_GOAL OF THE EXERCISE_
What is needed is an exact copy of every entry, without the pictures.

━━ RECORDS SHOWN

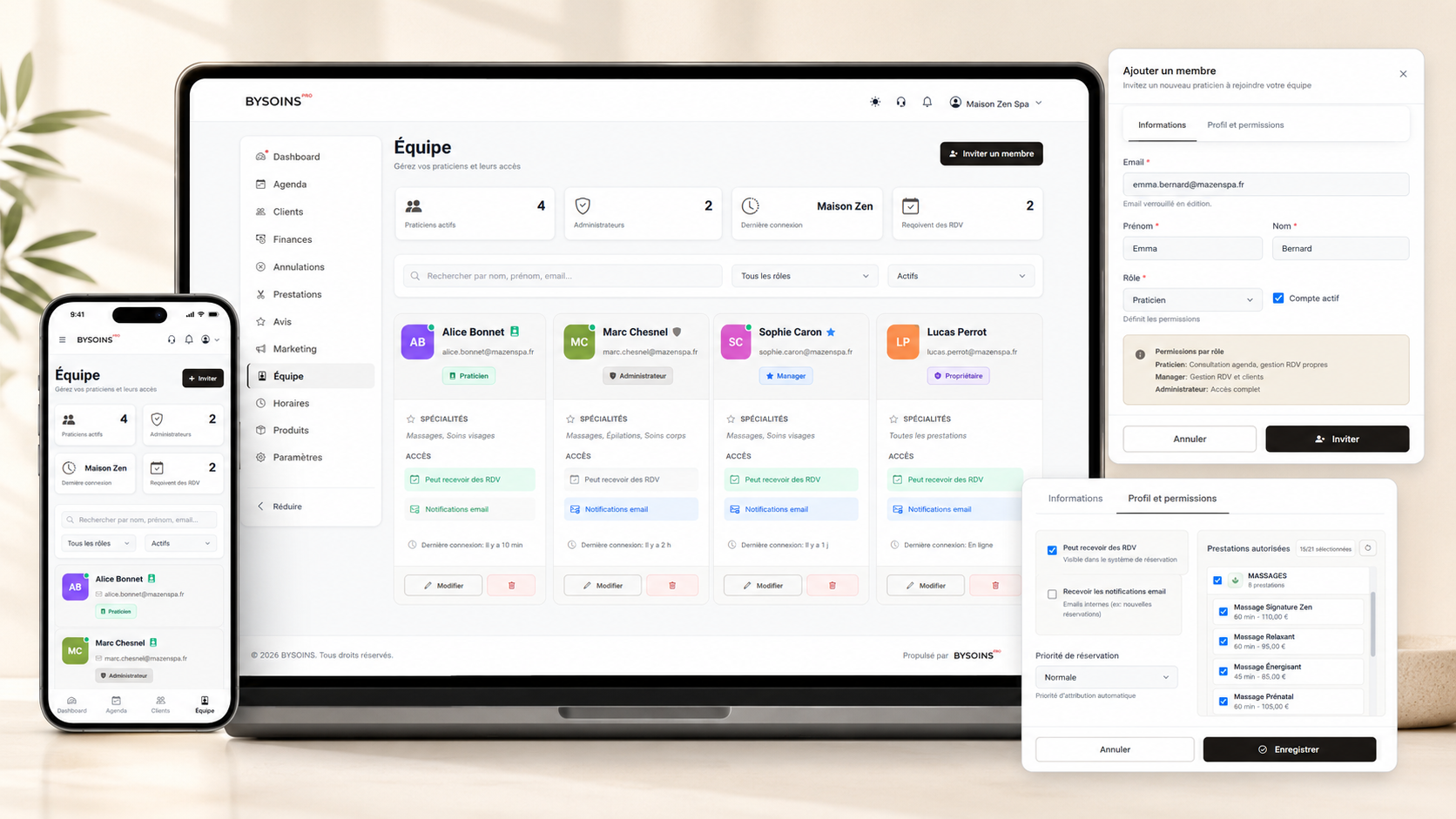 Gestion de l équipe BYSOINS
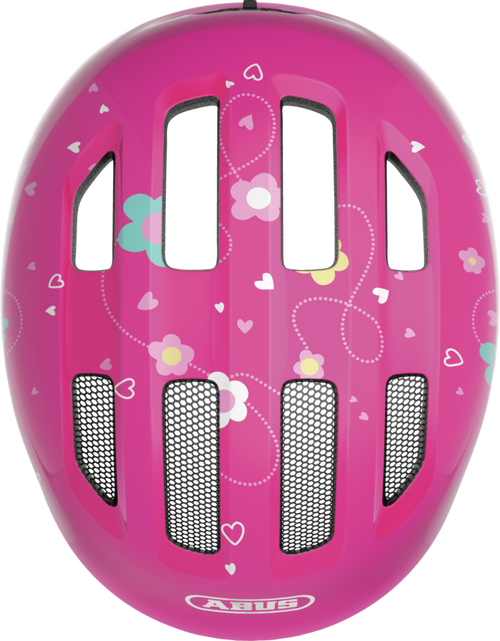 Abus Kinderfahrradhelm pink Blumen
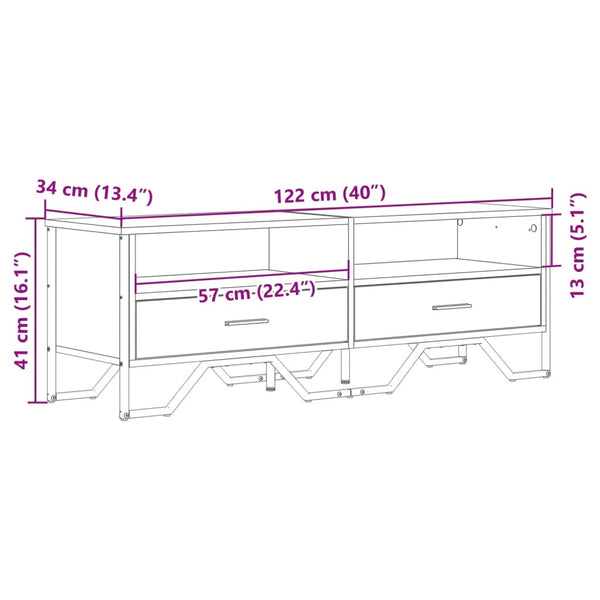 TV-Schrank Sonoma Eiche 122 cm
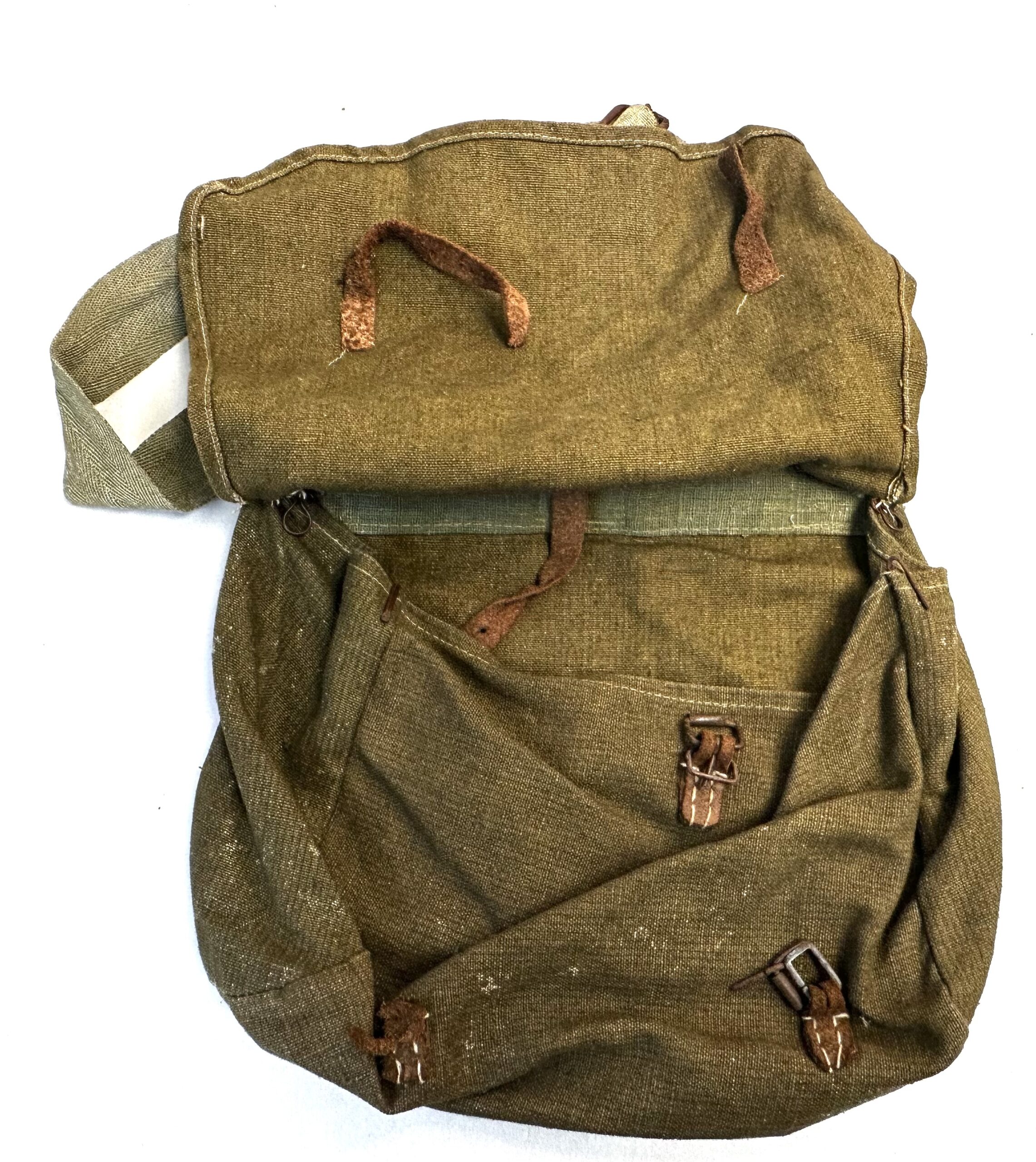 WW2 Japanese Naval Landing Force Haversack Unit Marked - Image 4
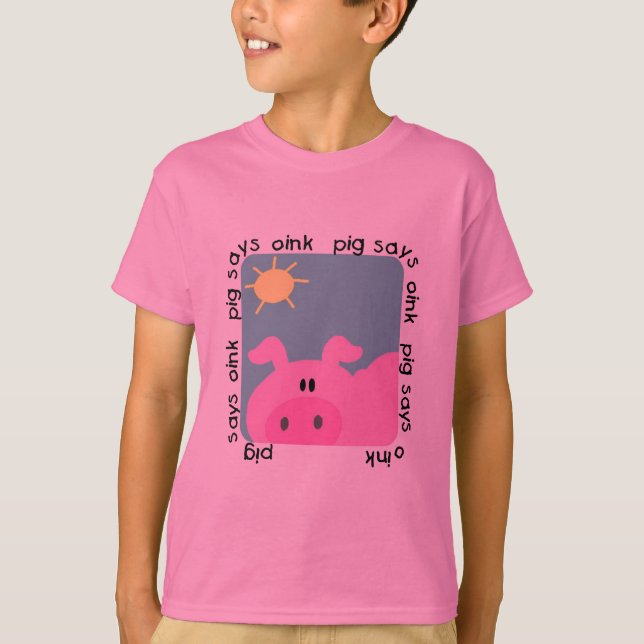Pig Says Oink T-shirts and Gifts (Front)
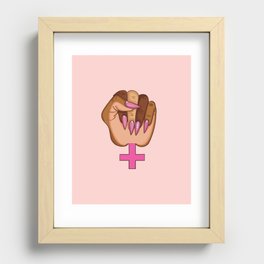 Woman Power Recessed Framed Print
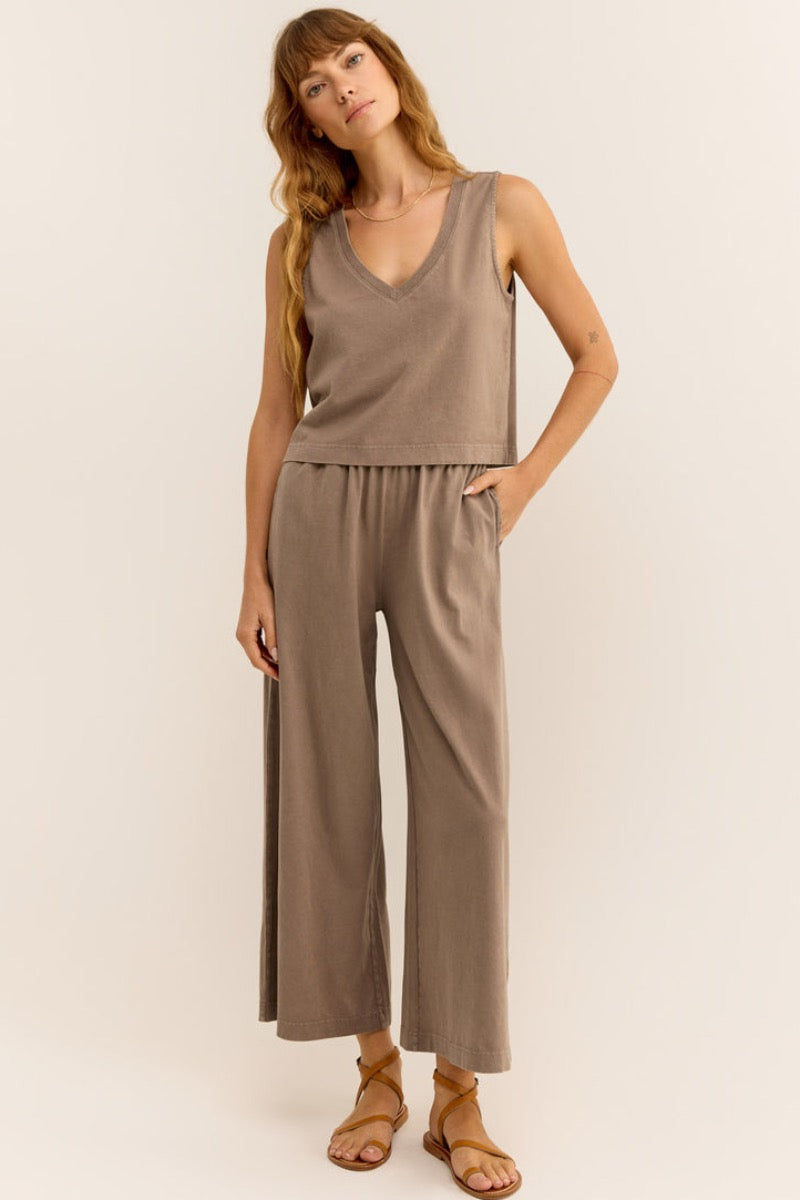 Z Supply - Scout Jersey Flare Pocket Pant in Iced Coffee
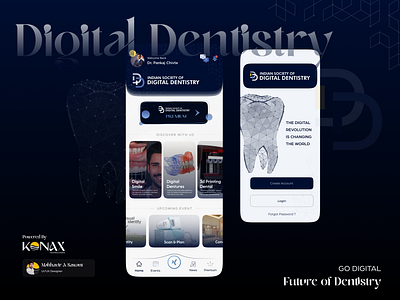 Future of Dentistry for Dental Doctors branding design graphic design illustration logo typography ui ux vector website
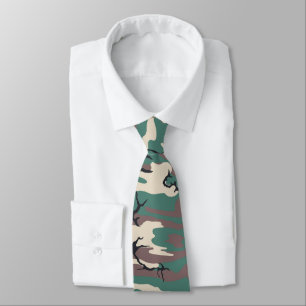 Woodland Camo Tie
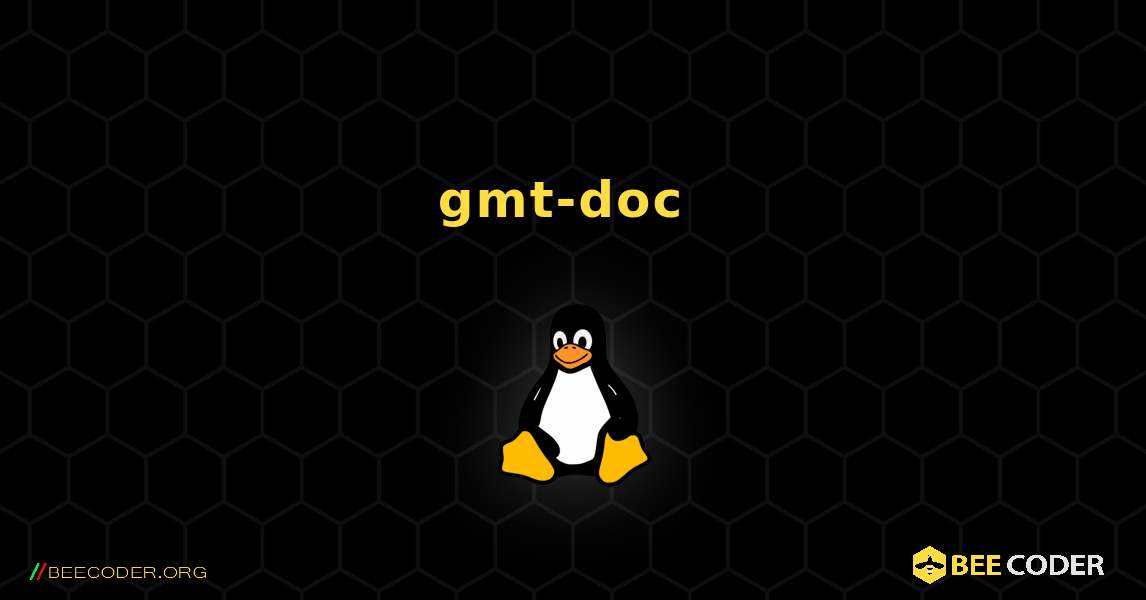 gmt-doc  のインストール方法. Linux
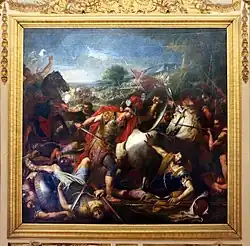 Bataille d’Enée et Mézence, Gregorio Lazzarini.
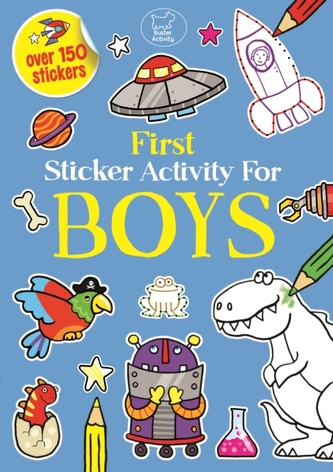 First Sticker Activity For Boys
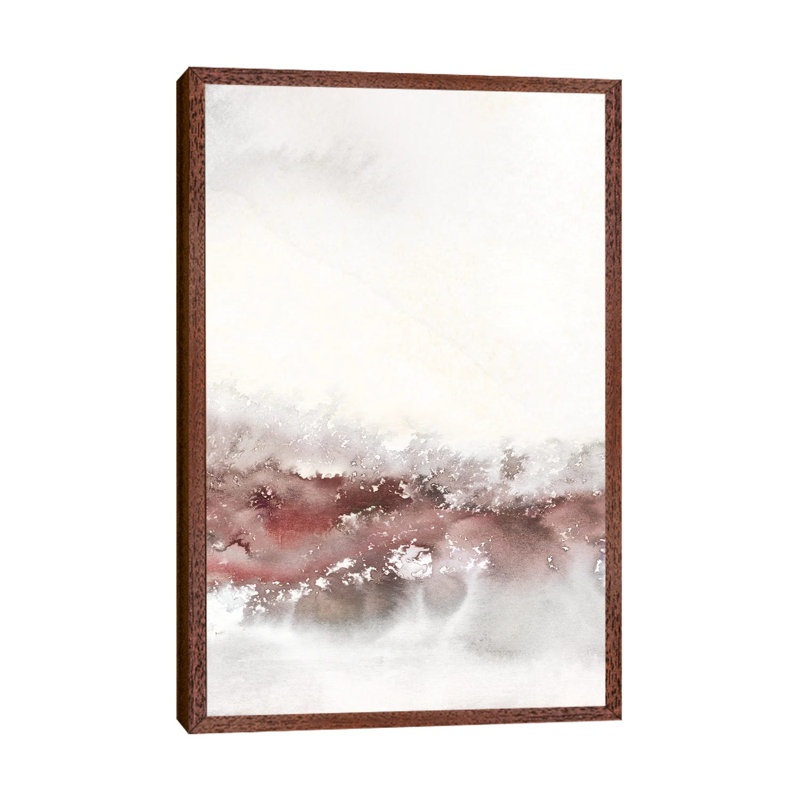 Soft Waves II by Carol Robinson - Painting on Canvas, Classic Brown Wood Framed, 66.04 cm H x 45.72 cm W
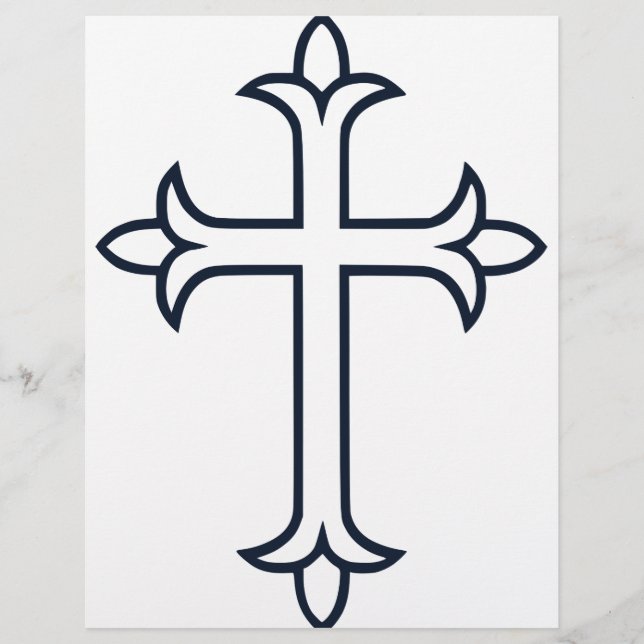 Classic Christian Cross Minimalist Fine Art Flyer (Front)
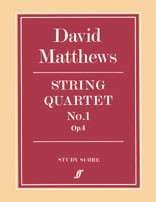 Matthews, David: String Quartet No.1 (score) / Faber Music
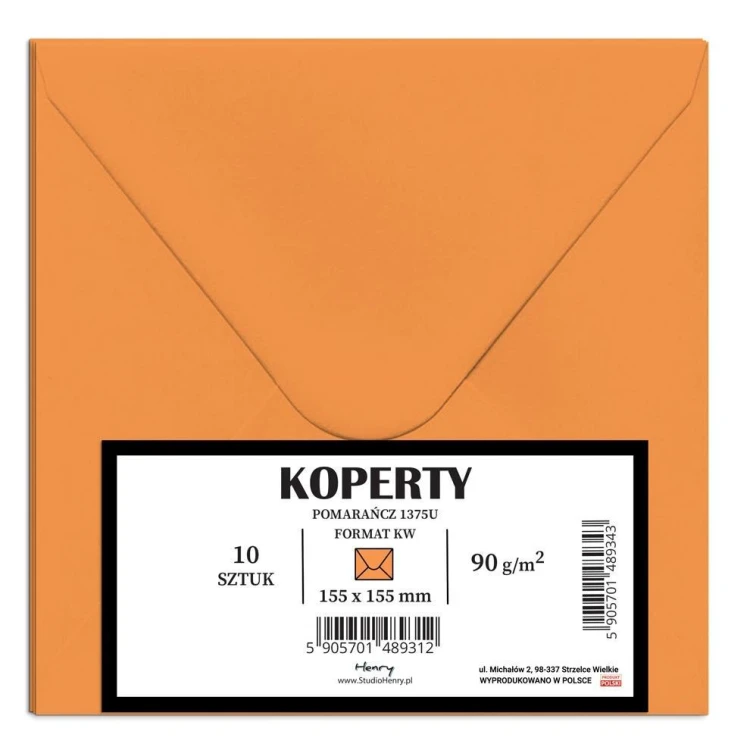 Koperty KW pomarańczowe 10szt, Henry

━━━━

_TASK OUTPUT_
 Gestion de l équipe BYSOINS
 Abus Kinderfahrradhelm pink Blumen
 TV-Schrank Sonoma Eiche 122 cm
 WW2 Japanese Naval Landing Force Haversack Unit Marked - Image 4
Pig Says Oink T-shirts and Gifts (Front)
 Woman Power Recessed Framed Print
 Z Supply - Scout Jersey Flare Pocket Pant in Iced Coffee
 Future of Dentistry for Dental Doctors branding design graphic design illustration logo typography ui ux vector website
 Woodland Camo Tie
 gmt-doc  のインストール方法. Linux
 Bataille d’Enée et Mézence, Gregorio Lazzarini.
 First Sticker Activity For Boys
 Soft Waves II by Carol Robinson - Painting on Canvas, Classic Brown Wood Framed, 66.04 cm H x 45.72 cm W
 Classic Christian Cross Minimalist Fine Art Flyer (Front)
 Matthews, David: String Quartet No.1 (score) / Faber Music
 Koperty KW pomarańczowe 10szt, Henry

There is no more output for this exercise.